I am particularly pleased to see high level representatives from Puntland and the Interim Jubba Administration, and I welcome their commitment to participate in the Copenhagen High-Level Partnership Forum. Overall Somalia, I still maintain, is moving in the right direction. Whatever the difficulties we face today, and the President and Prime Minister have alluded to them, Somalia is in a better state today as a result of our collective efforts than it has been in a generation, and we should not lose sight of that.
This progress has been the result of partnership. Partnership between Somalis and the international community. The joint SNA-AMISOM offensive has successfully created space for political and economic progress. International economic investment is significant and growing. And the work of the Financial Governance Committee is crucial in improving public financial management and building donor confidence.
But the most important partnership has been between the Somalis. The Somali-led state formation process has delivered concrete results. I hope that we will soon be able to welcome the Interim South West Administration and an Interim Central Regions Administration. These and other Somali-led successes have been the result of a partnership between His Excellency the President and Prime Minister. For almost a year, their collective leadership has given Somalis and international partners faith and confidence in the Federal Government and in Somalia’s political future.
But we stand at a watershed moment. As we look forward to Copenhagen we need unity, stability and delivery. The cycle of political instability and bureaucratic paralysis that plagued previous administrations should not continue. It risks undermining the progress achieved by our collective efforts and by the SNA and AMISOM. And it endangers the achievement of Vision 2016, which is the centre-piece of the entire “New Deal” Compact process.
We all need to do better. Whether we talk about political stability or economic development, what we shall achieve depends on what we put in. The Compact remains the best framework to do this. International partners need to live up to the partnership principles, and their commitments in the Compact. But we also need to recognise that this is less likely to happen in a politically unstable environment.
On behalf of the UN and many international partners in this room today, I appeal to the political leadership of this country to find a way to manage their differences. These are not normal times. They call for extraordinary measures. The next six months will determine whether Somalia achieves its goals in Vision 2016. The key state-building laws, commissions and processes need to be established. This is make or break. There is no time to lose.
I therefore appeal to the President and Prime Minister to commit to working jointly on these challenges, in a structured and formal political “joint venture”. This is not a time for dogmatic interpretation of texts. This is a time to rise above differences and unite in a common enterprise. Both political realities and constitutional niceties need to be recognised. I appeal to you to agree special measures to govern your relations and working practices, which will allow delivery of key tasks in the coming six months: the tasks that you have both referred to and elaborated on, a long list of Commissions and laws. By that time the National Independent Election Commission will be up and running and planning for elections will be on course; the Boundaries and Federation Commission will be operating and future federal member states being established; the national consultation on the Constitution will be underway and the Independent Constitutional Review and Implementation Commission well and truly functioning. In short the foundation stones will be laid for the future Somalia, the Somalia of 2016 and beyond. This is the challenge to be met. Failure now will be a failure in the eyes of the world and, more importantly, a shattering of the hopes and dreams of millions of Somalis.

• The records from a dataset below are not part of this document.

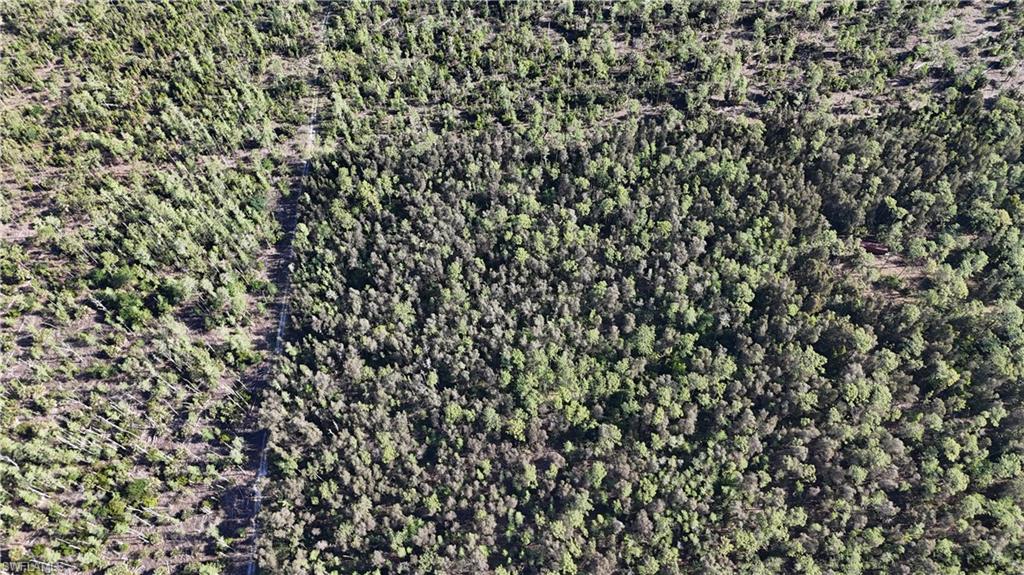 ACREAGE HEADER - Land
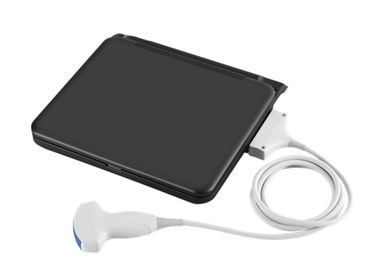Le scanner médical diagnostique d'ultrason d'ordinateur portable d'ultrason de 12 pouces LED avec une sonde relient le logiciel de vétérinaire disponible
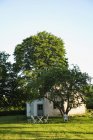 Vista panorâmica da casa de campo em árvores, Gotland, Suécia — Fotografia de Stock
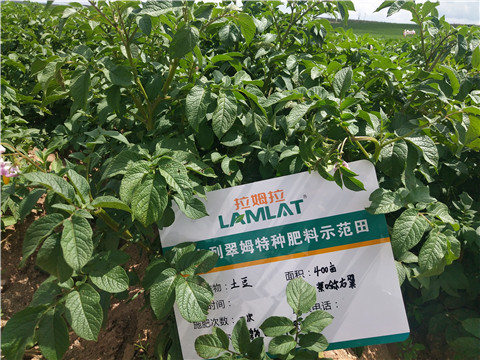 安碧解，拉姆拉，翠姆
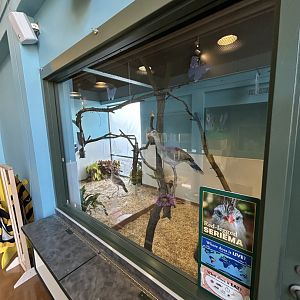 Hamill Family Play Zoo- new indoor Red-legged Seriema exhibit.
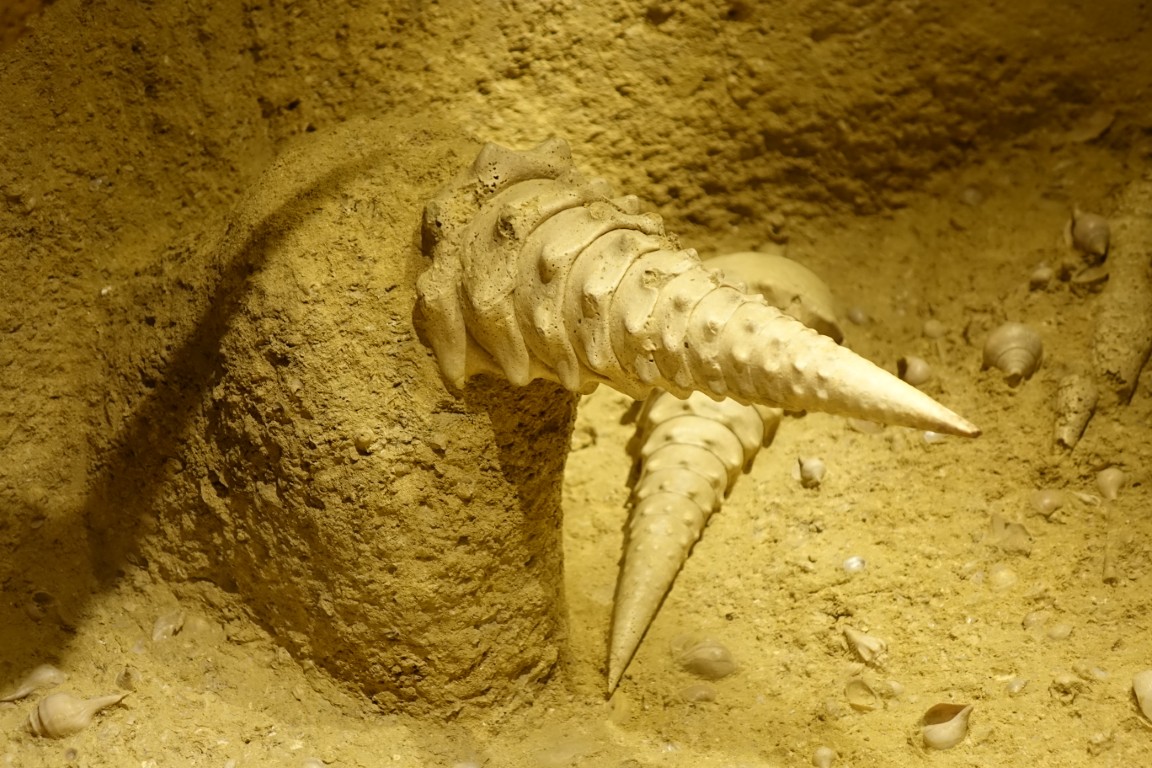 Cave-aux-coquillages15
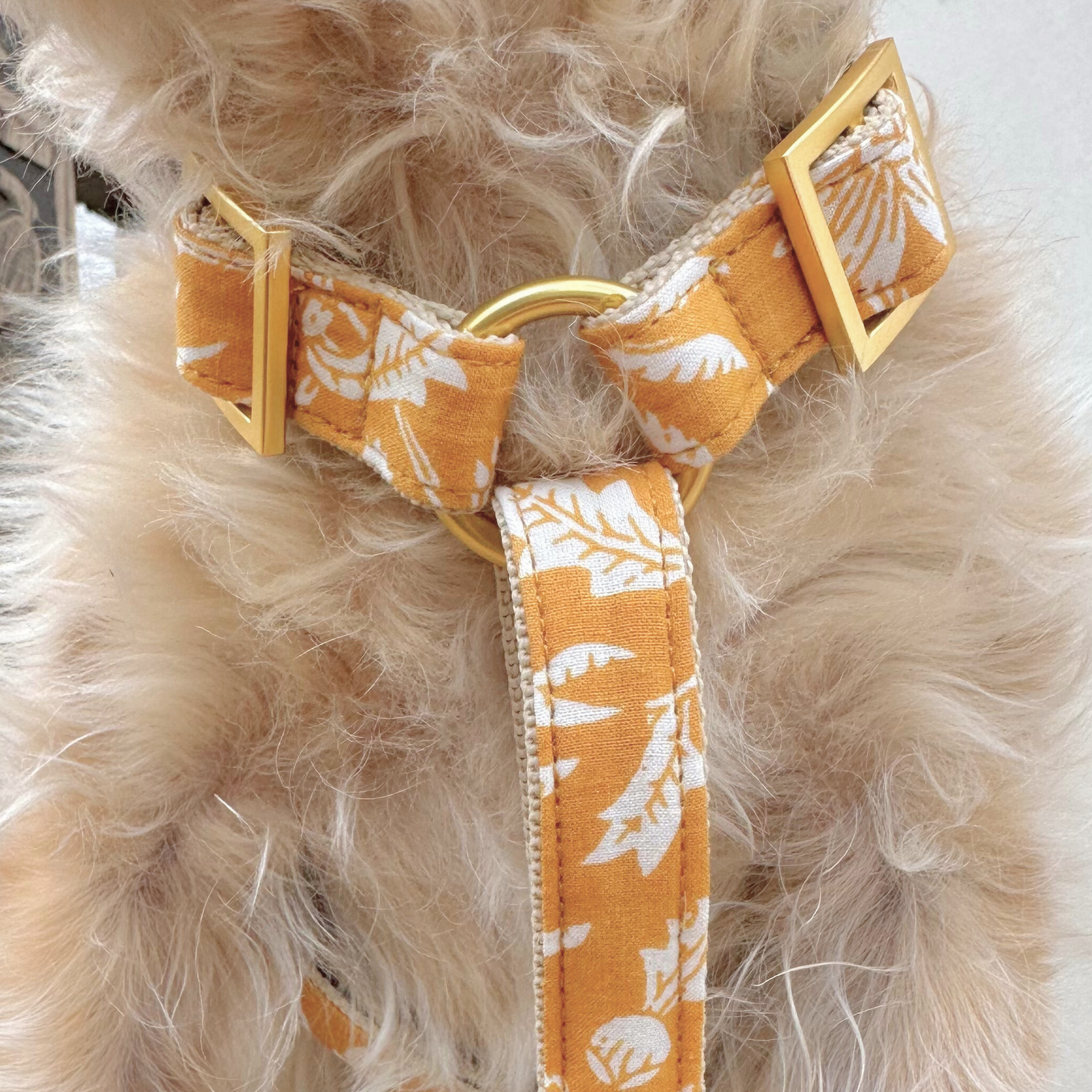 Hundegeschirr GOA curry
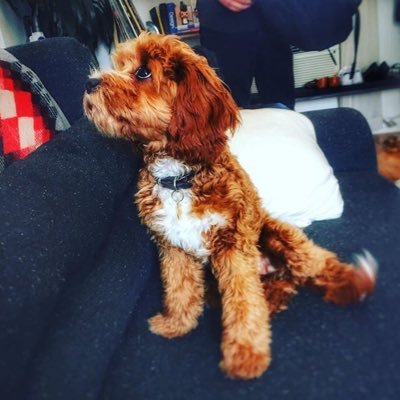 I'm neither Bob Morley nor Arryn Zech. Just a fan who runs a page dedicated to their pup, Ellie. She's a Cavoodle aka Cavalier King Charles Spaniel/Poodle mix.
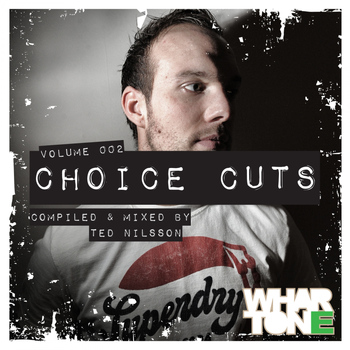 Various Artists - Choice Cuts Volume 002 Mixed By Ted Nilsson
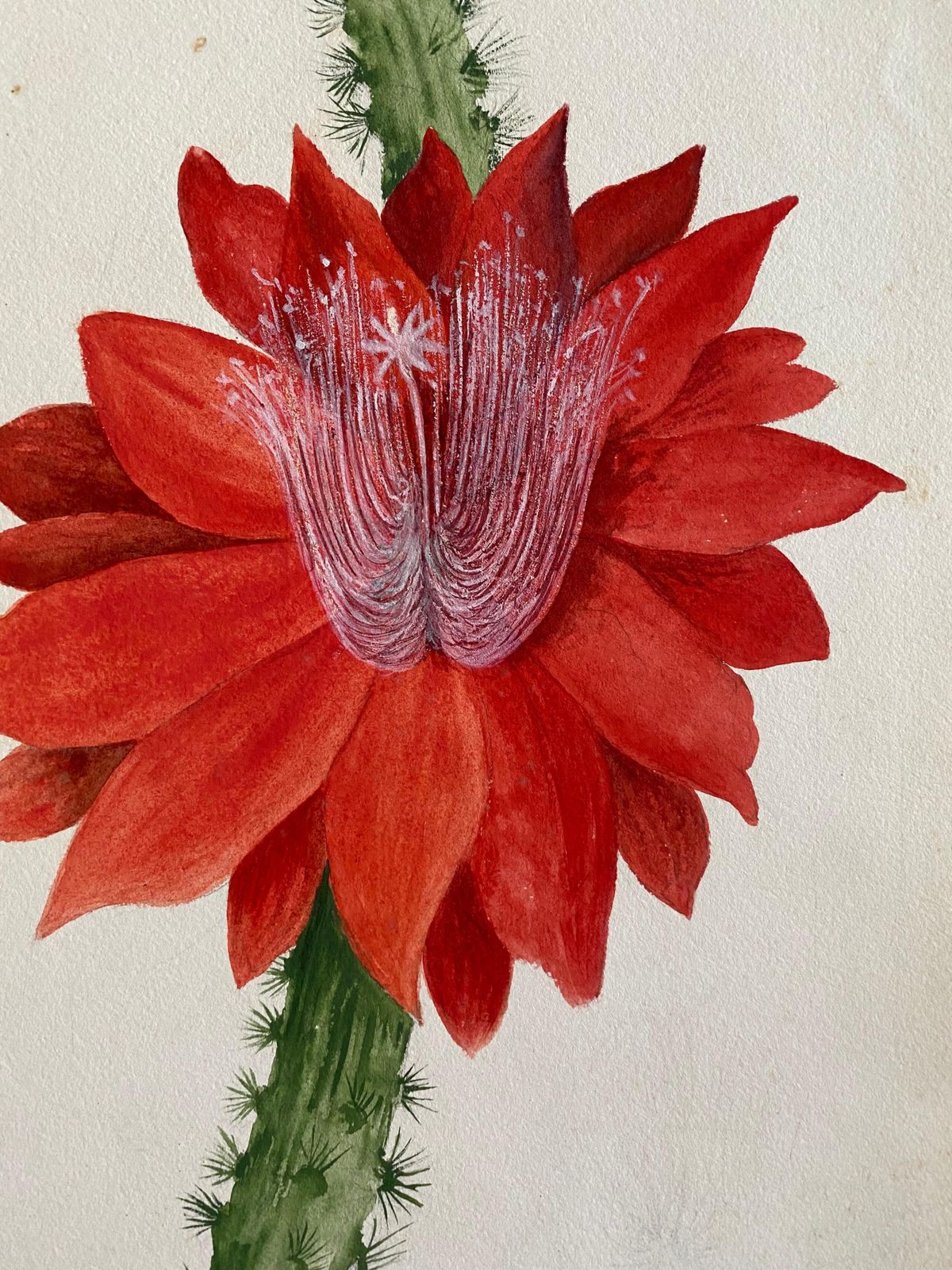 Unknownfine Antique British Botannical Watercolour Painting, Circa 1900's Red Flowercirca 1900s photo furniture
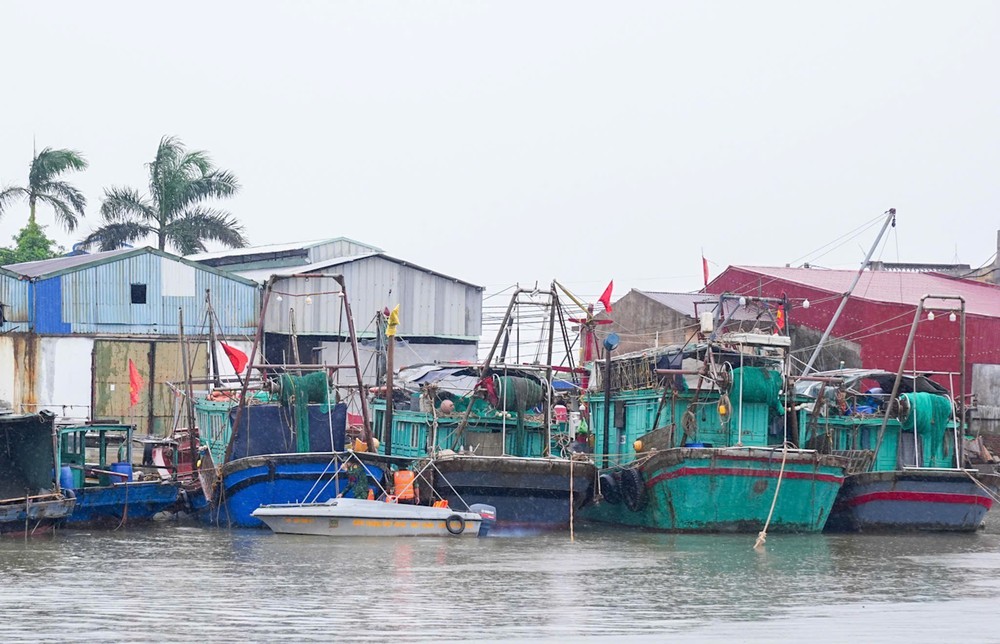 Phó Thủ tướng Trần Hồng Hà chỉ đạo công tác phòng, chống bão số 3 tại Hải Phòng và Hưng Yên - Ảnh 11.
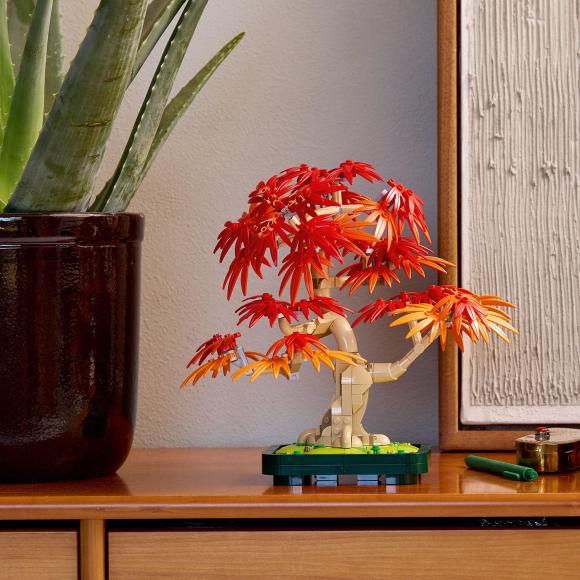 Botanicals 10348 Bonsaitræ Japansk Løn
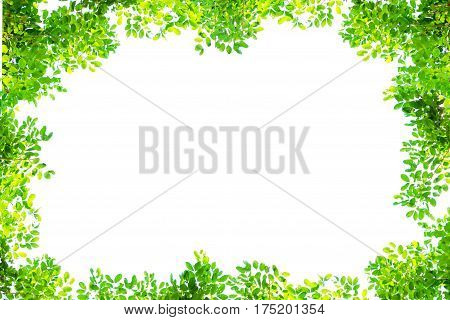 Green tree branch border isolated on a white background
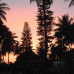 Photo of IISAC: Kerala  - Semester Abroad in Kerala, India Program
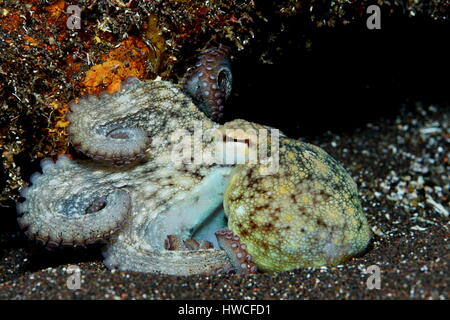 Poulpe commun (Octopus vulgaris), l'Atlantique des Açores, Portugal Banque D'Images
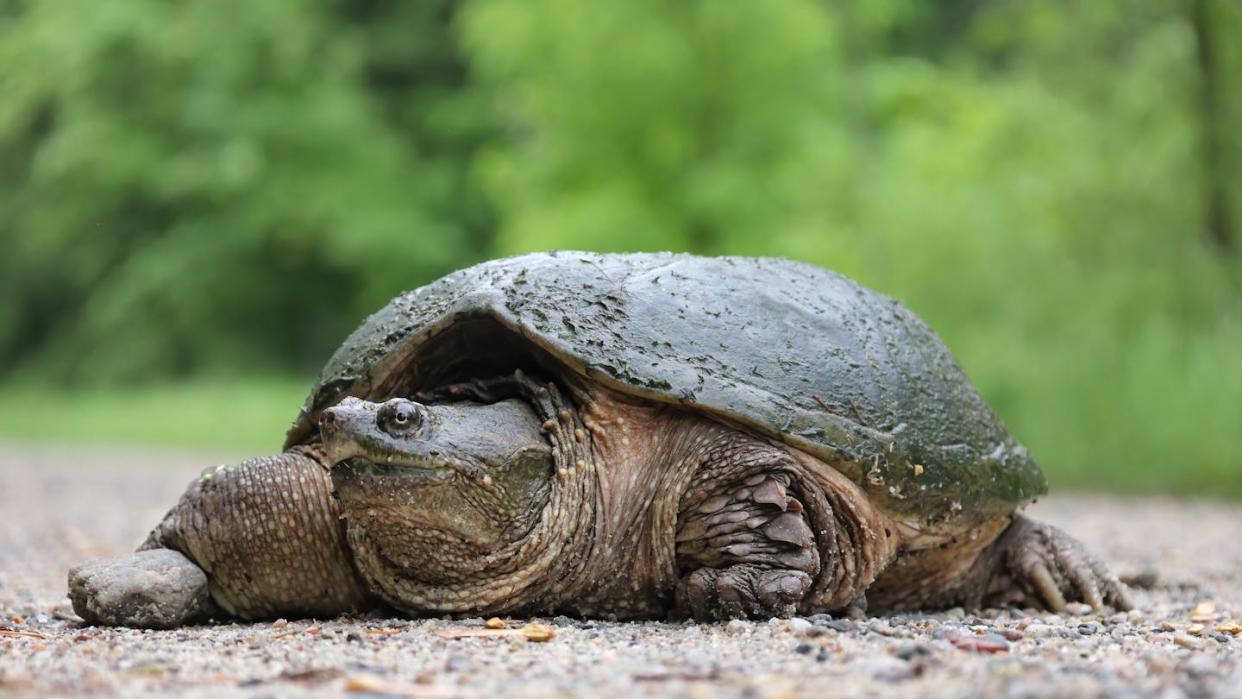 Tortuga mordedora (_Chelydra serpentina_). <a href="https://upload.wikimedia.org/wikipedia/commons/4/4c/Chelydra_serpentina_PP_03.jpg" rel="nofollow noopener" target="_blank" data-ylk="slk:Cephas/Wikimedia Commons;elm:context_link;itc:0;sec:content-canvas" class="link ">Cephas/Wikimedia Commons</a>, <a href="http://creativecommons.org/licenses/by-sa/4.0/" rel="nofollow noopener" target="_blank" data-ylk="slk:CC BY-SA;elm:context_link;itc:0;sec:content-canvas" class="link ">CC BY-SA</a>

We have a tough road ahead of us. But the fact that we have come so far by working together should inspire us to go further. We have a collective responsibility to stay the course for the sake of Somalia’s future and for regional and international security and stability. I hope today that we will make concrete progress in preparation for the Copenhagen High Level Partnership Forum. Unity, stability and delivery should be our watchwords. We should demonstrate today the spirit of partnership and commitment to the common interest that will, I hope, see Somalia through this current difficult moment.
We have only a week to decide whether Copenhagen will be a moment of profound and sad reflection, or a celebration of difficulties overcome. As the President and the Prime Minister have said, this will be a Somali-owned choice.